## TASK REQUIREMENTS
Give an unaltered copy of the listing below, minus its pictures.

*** DATASET EXTRACT ***

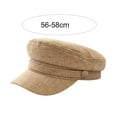 thumbnail image 5 of UDIYO Women Beret Vintage Style Fine Texture Solid Color 8-Panel Paperboy Cap for Party, 5 of 8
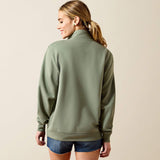 Ariat Women's Foundation Logo 1/2 Zip Sweatshirt With Long Sleeve Back View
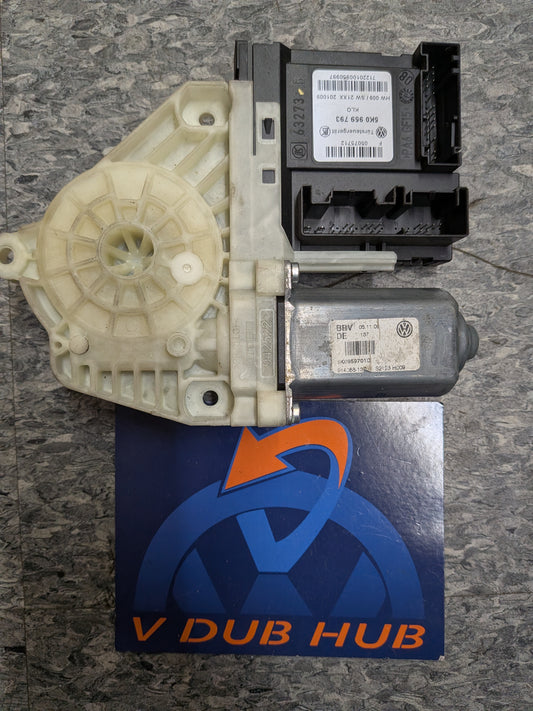 OEM Front Driver Window Motor | 5K0959701D | VW Golf MK6 GTI R SportWagen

*** End of DATASET EXTRACT ***

## OUTPUT
 thumbnail image 5 of UDIYO Women Beret Vintage Style Fine Texture Solid Color 8-Panel Paperboy Cap for Party, 5 of 8
 Ariat Women's Foundation Logo 1/2 Zip Sweatshirt With Long Sleeve Back View
 OEM Front Driver Window Motor | 5K0959701D | VW Golf MK6 GTI R SportWagen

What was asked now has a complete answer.